** Stored data follows **
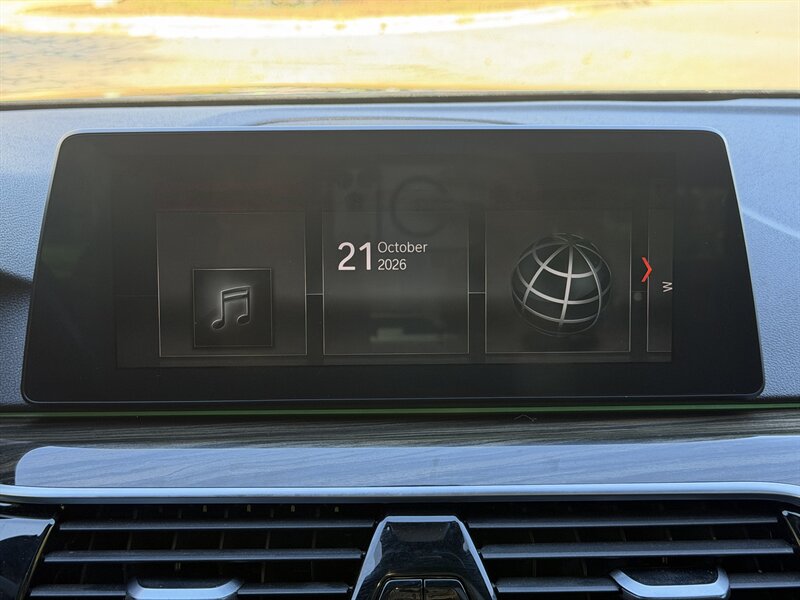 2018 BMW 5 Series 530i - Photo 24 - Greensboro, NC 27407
** End of Stored data **
** Stored data follows **
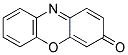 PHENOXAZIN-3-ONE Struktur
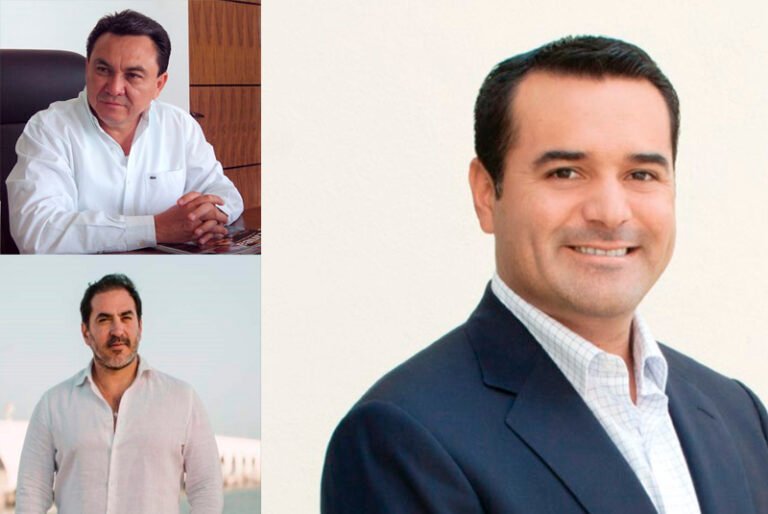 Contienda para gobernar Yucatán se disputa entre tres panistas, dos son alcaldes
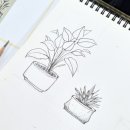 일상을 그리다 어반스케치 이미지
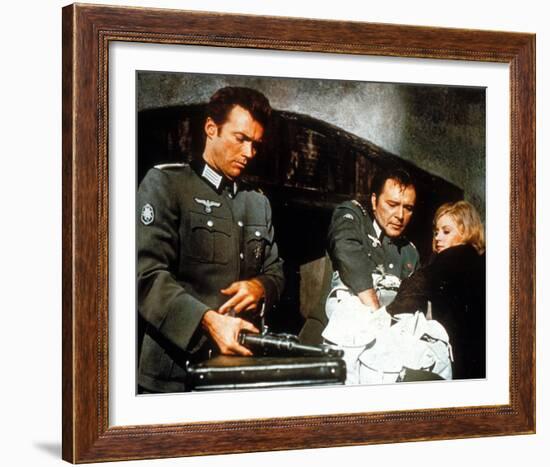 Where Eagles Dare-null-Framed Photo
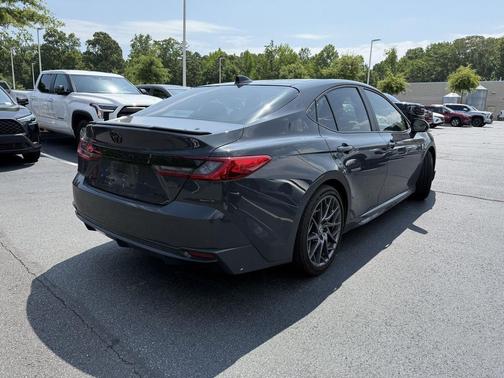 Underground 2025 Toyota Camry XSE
** End of Stored data **
** Stored data follows **
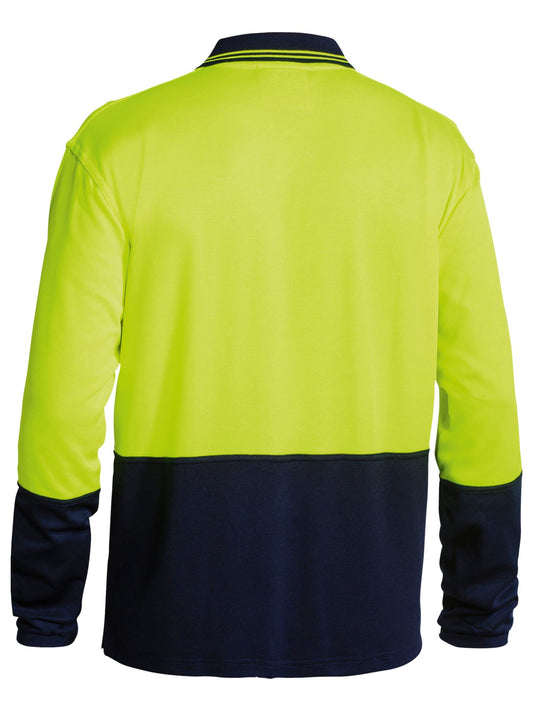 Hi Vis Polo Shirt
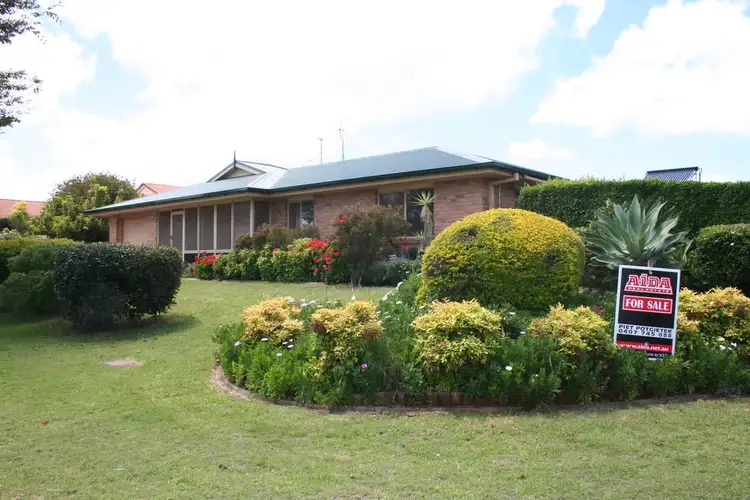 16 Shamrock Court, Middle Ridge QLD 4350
** End of Stored data **
Leaving every picture aside, reproduce exactly the lines above from the one with "Where Eagles Dare-null-Framed Photo" up to and including the one with "Underground 2025 Toyota Camry XSE", and no others.

 Where Eagles Dare-null-Framed Photo
 Underground 2025 Toyota Camry XSE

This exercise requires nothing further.